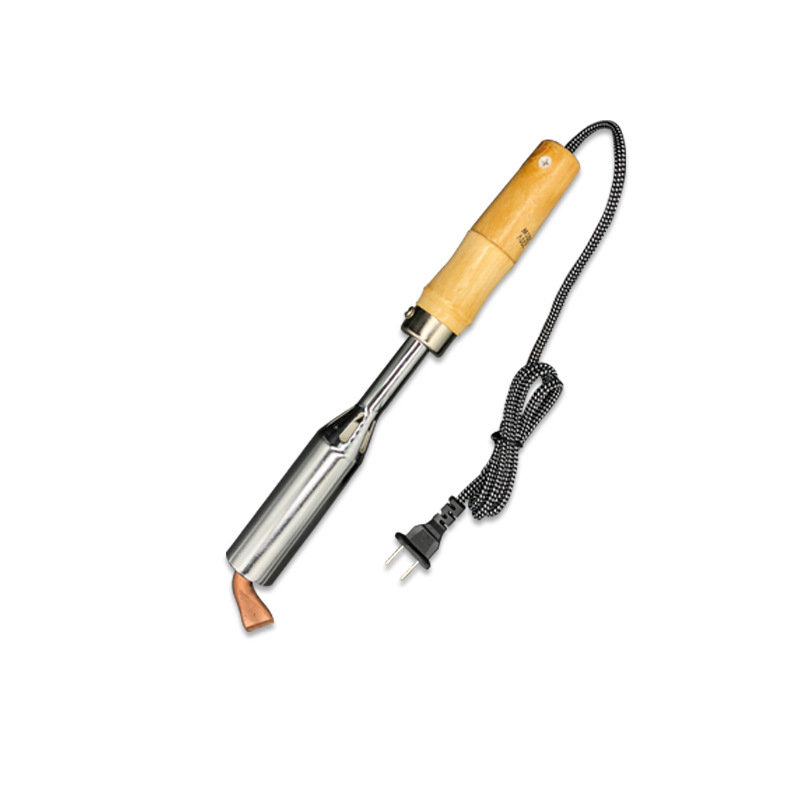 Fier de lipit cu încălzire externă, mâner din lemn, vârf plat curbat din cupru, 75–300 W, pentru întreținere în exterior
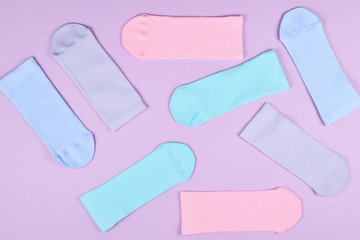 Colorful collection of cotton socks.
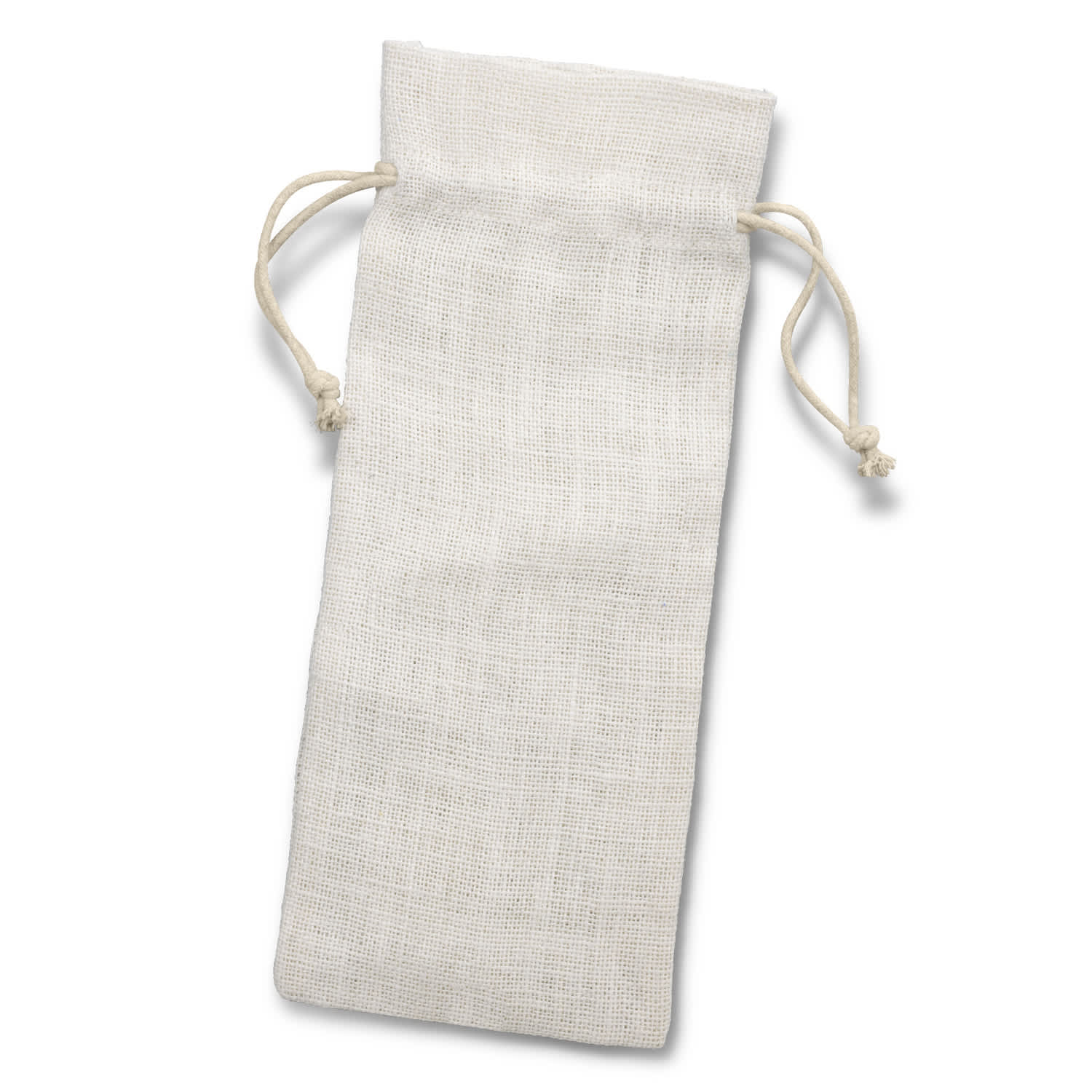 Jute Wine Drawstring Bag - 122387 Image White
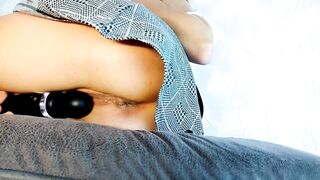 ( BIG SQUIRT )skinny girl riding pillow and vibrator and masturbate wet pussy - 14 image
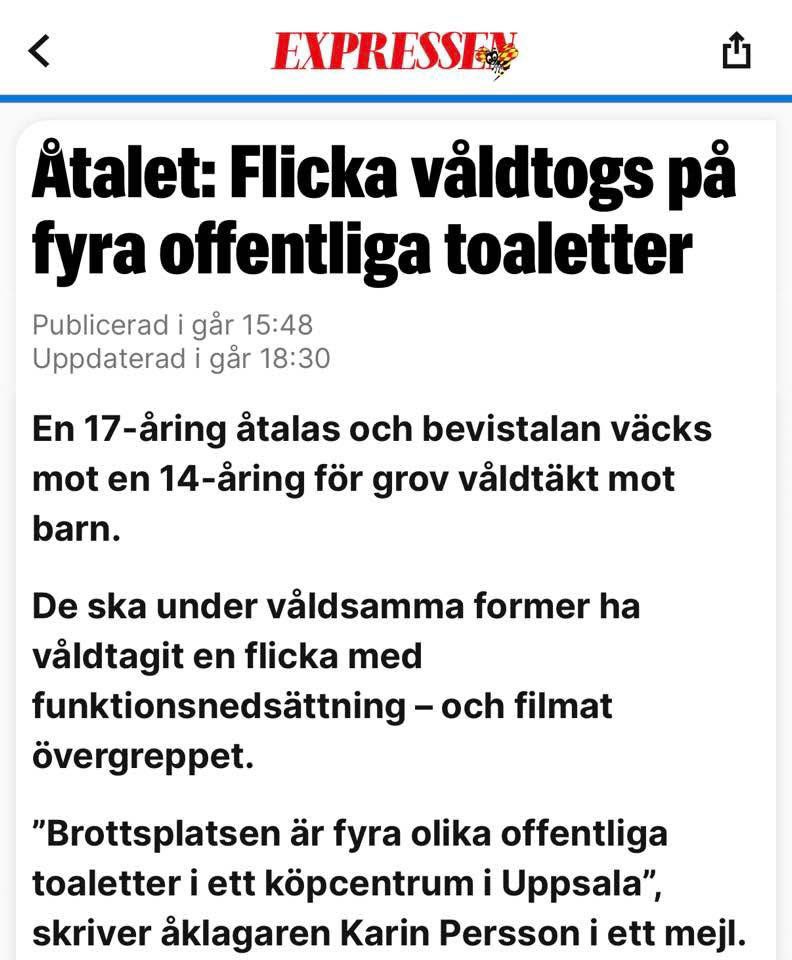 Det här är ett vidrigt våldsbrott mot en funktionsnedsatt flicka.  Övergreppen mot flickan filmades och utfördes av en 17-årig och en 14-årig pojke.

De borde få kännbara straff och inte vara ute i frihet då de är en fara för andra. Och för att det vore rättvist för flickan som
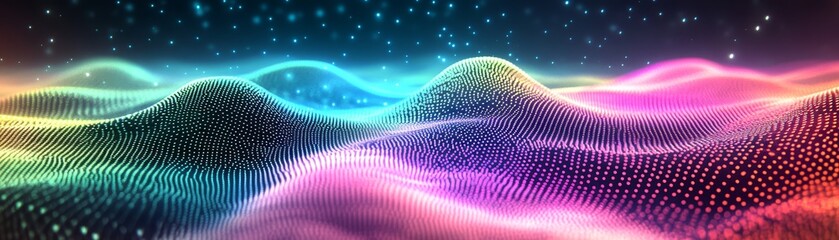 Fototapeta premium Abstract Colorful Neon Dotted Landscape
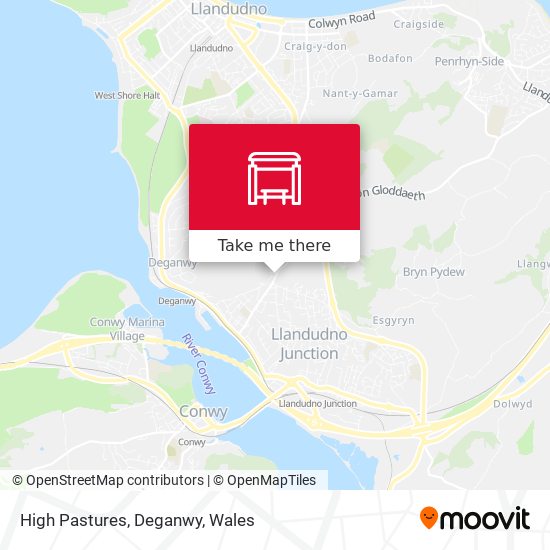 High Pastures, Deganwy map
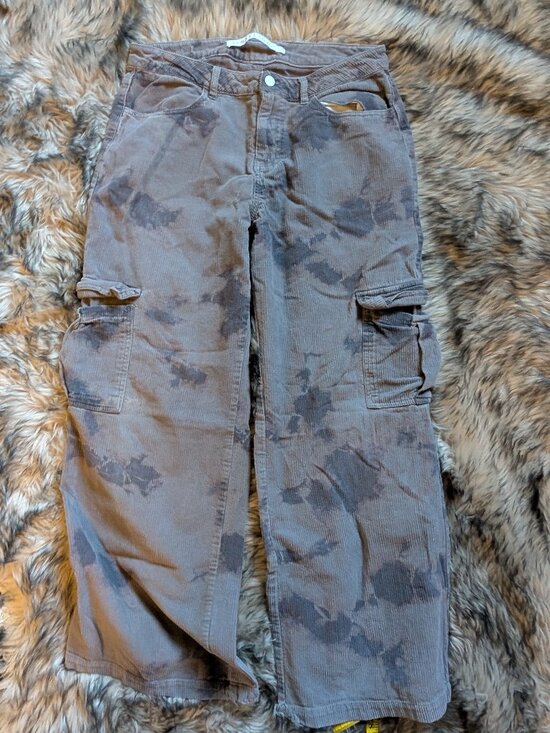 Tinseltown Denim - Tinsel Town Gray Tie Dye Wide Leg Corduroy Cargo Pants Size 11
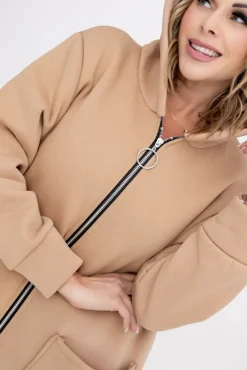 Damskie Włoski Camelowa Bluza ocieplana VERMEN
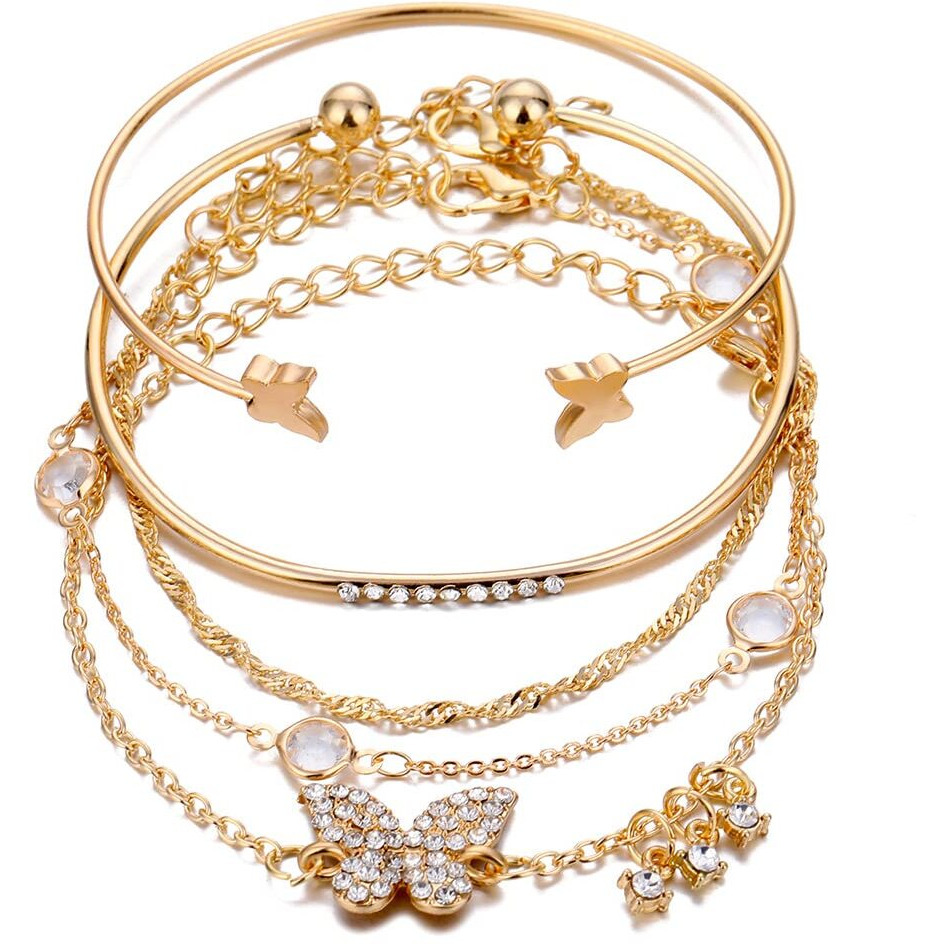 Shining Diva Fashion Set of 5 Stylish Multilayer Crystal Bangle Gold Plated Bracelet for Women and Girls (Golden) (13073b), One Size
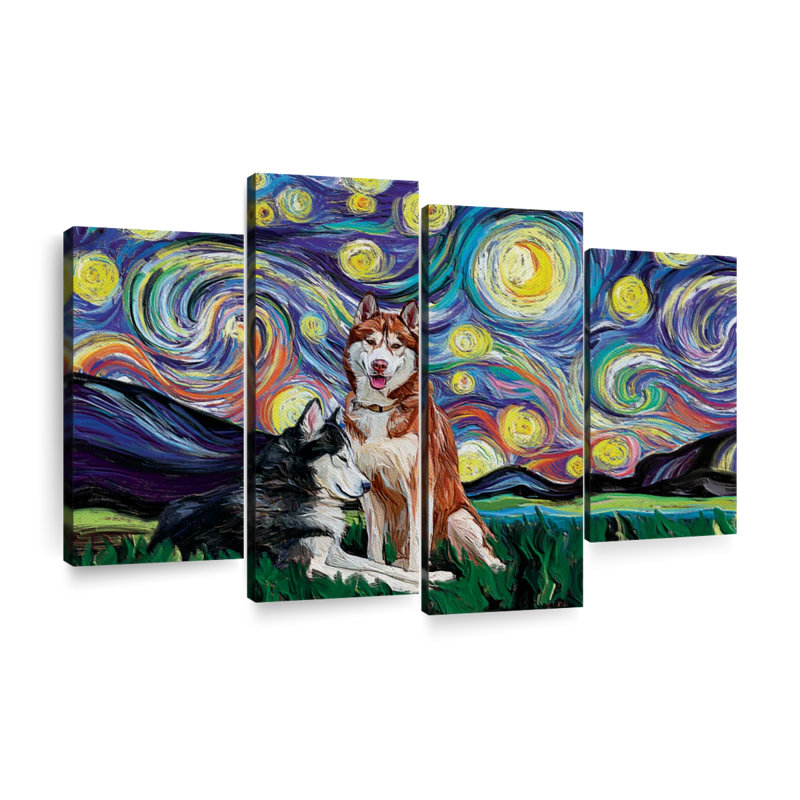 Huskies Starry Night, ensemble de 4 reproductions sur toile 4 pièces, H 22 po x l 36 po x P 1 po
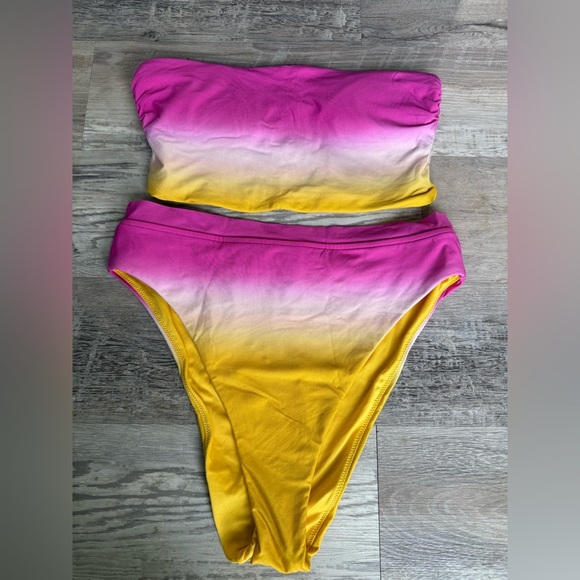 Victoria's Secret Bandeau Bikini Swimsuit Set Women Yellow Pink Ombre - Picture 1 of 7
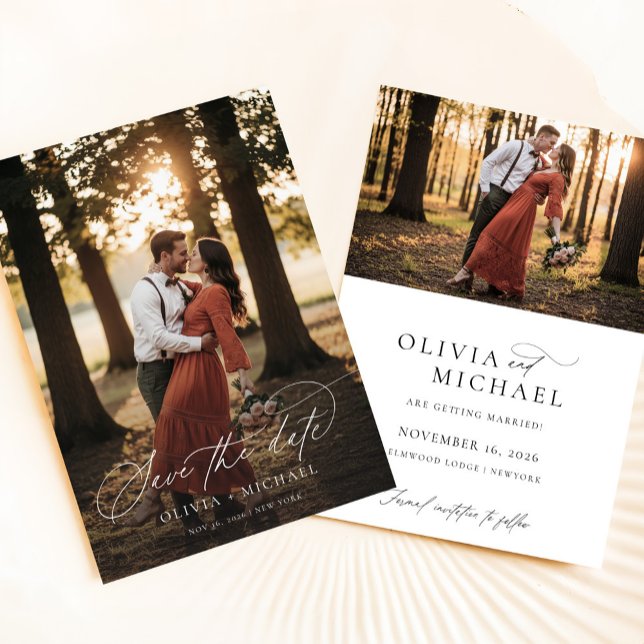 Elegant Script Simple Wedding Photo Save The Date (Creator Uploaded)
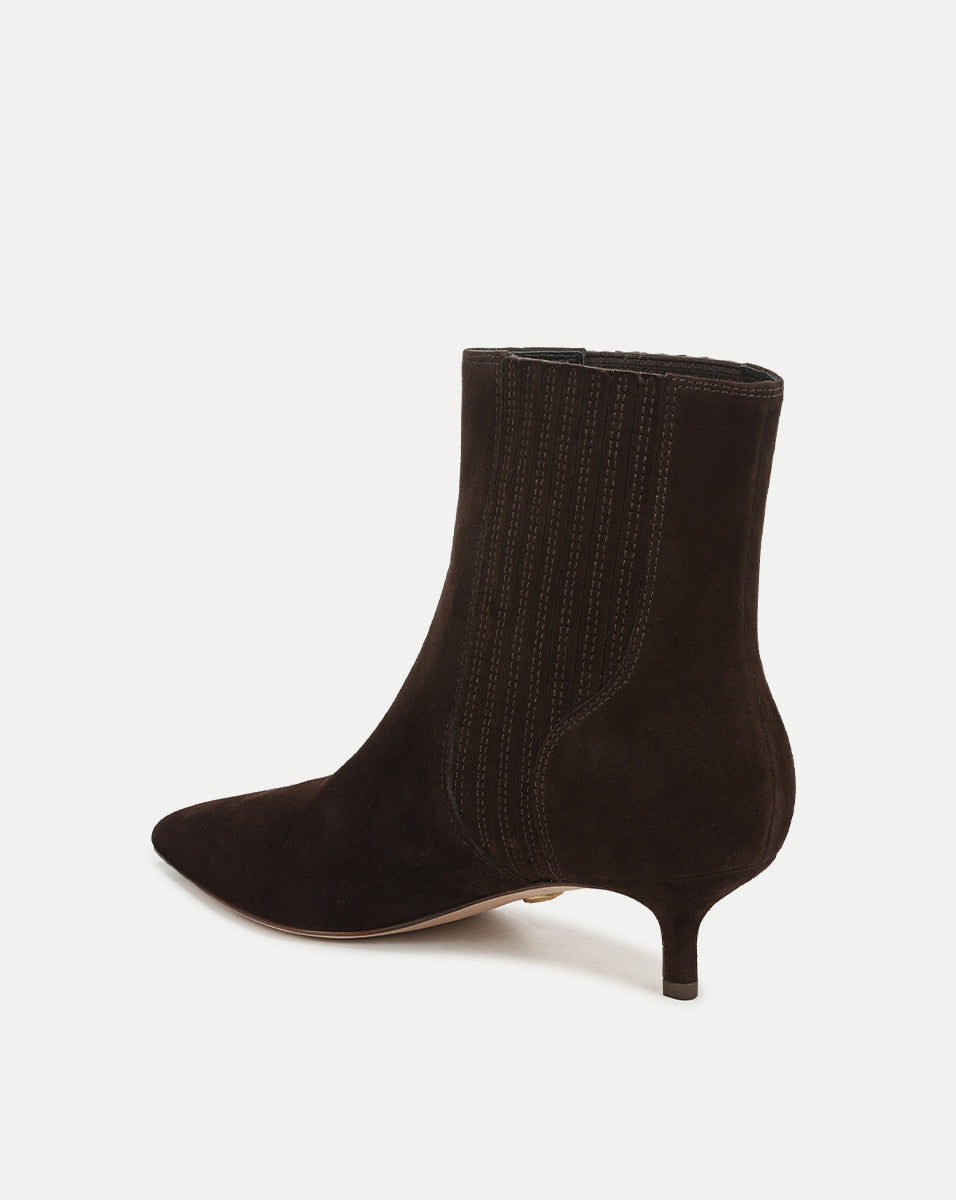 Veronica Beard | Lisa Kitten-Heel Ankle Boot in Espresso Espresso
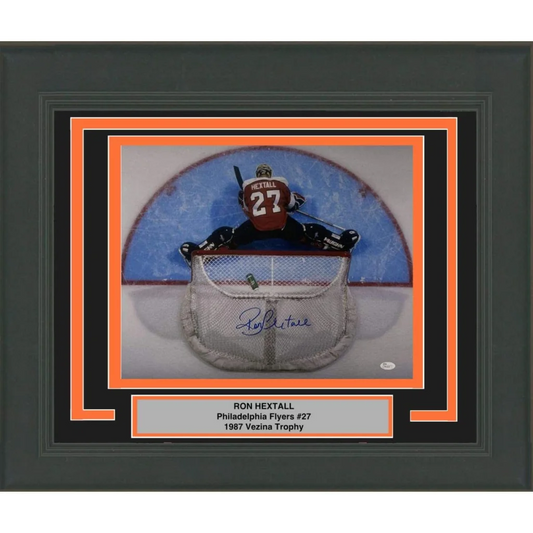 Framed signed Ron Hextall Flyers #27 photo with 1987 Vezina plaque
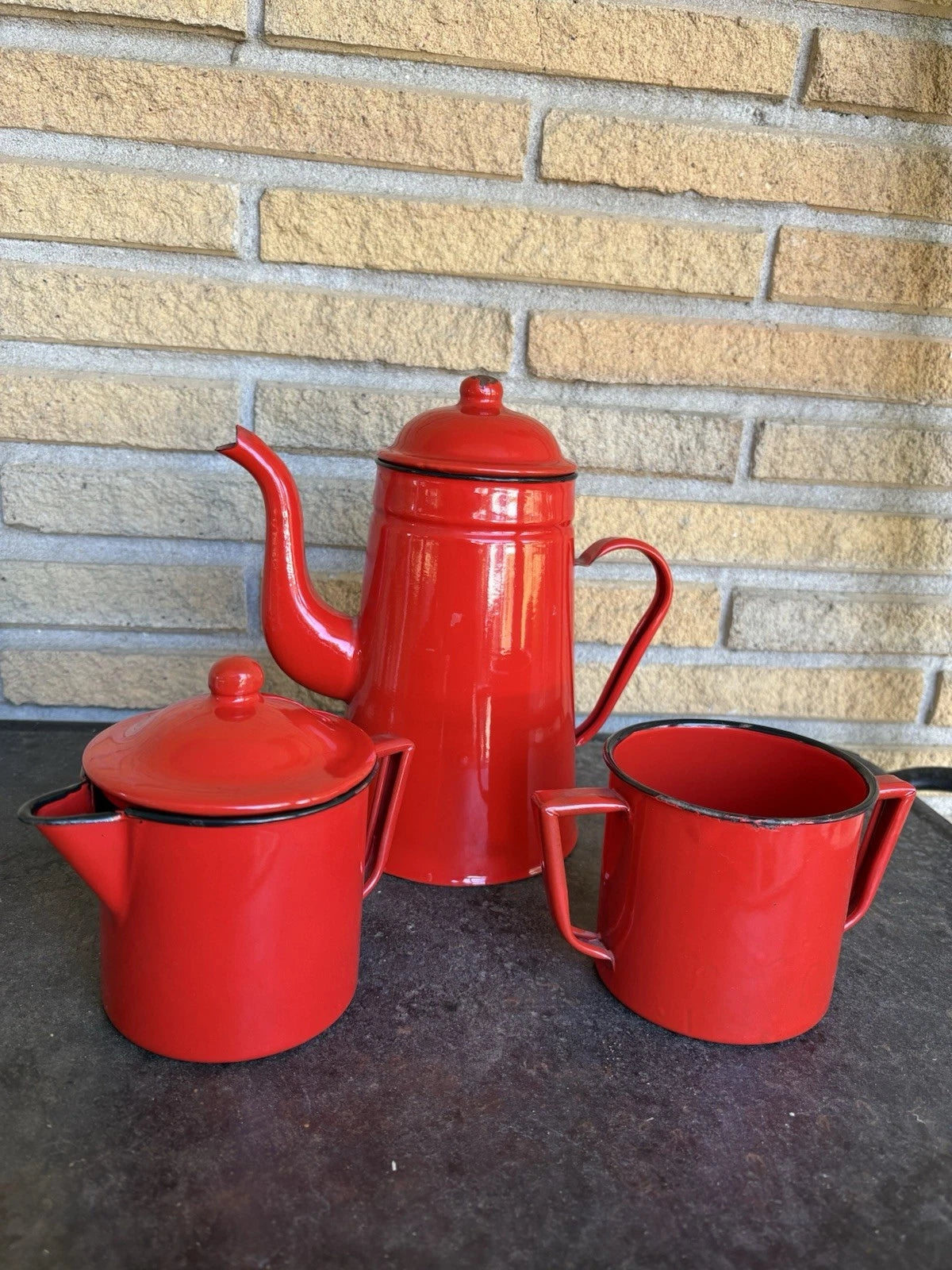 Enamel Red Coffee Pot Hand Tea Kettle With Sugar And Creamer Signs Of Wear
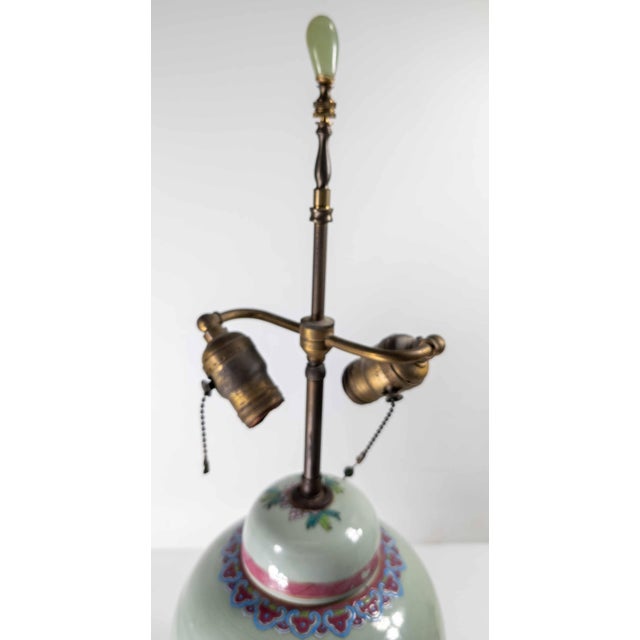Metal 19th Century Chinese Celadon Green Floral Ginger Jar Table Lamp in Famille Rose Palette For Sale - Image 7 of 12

• • • • •

Your assignment:
Retype the data above exactly, dropping every picture.

Response:
 Fier de lipit cu încălzire externă, mâner din lemn, vârf plat curbat din cupru, 75–300 W, pentru întreținere în exterior
 Colorful collection of cotton socks.
 Jute Wine Drawstring Bag - 122387 Image White
 ( BIG SQUIRT )skinny girl riding pillow and vibrator and masturbate wet pussy - 14 image
 Det här är ett vidrigt våldsbrott mot en funktionsnedsatt flicka.  Övergreppen mot flickan filmades och utfördes av en 17-årig och en 14-årig pojke.

De borde få kännbara straff och inte vara ute i frihet då de är en fara för andra. Och för att det vore rättvist för flickan som
 Fototapeta premium Abstract Colorful Neon Dotted Landscape
 High Pastures, Deganwy map
 Tinseltown Denim - Tinsel Town Gray Tie Dye Wide Leg Corduroy Cargo Pants Size 11
 Damskie Włoski Camelowa Bluza ocieplana VERMEN
 Shining Diva Fashion Set of 5 Stylish Multilayer Crystal Bangle Gold Plated Bracelet for Women and Girls (Golden) (13073b), One Size
 Huskies Starry Night, ensemble de 4 reproductions sur toile 4 pièces, H 22 po x l 36 po x P 1 po
 Victoria's Secret Bandeau Bikini Swimsuit Set Women Yellow Pink Ombre - Picture 1 of 7
 Elegant Script Simple Wedding Photo Save The Date (Creator Uploaded)
 Veronica Beard | Lisa Kitten-Heel Ankle Boot in Espresso Espresso
 Framed signed Ron Hextall Flyers #27 photo with 1987 Vezina plaque
 Enamel Red Coffee Pot Hand Tea Kettle With Sugar And Creamer Signs Of Wear
Metal 19th Century Chinese Celadon Green Floral Ginger Jar Table Lamp in Famille Rose Palette For Sale - Image 7 of 12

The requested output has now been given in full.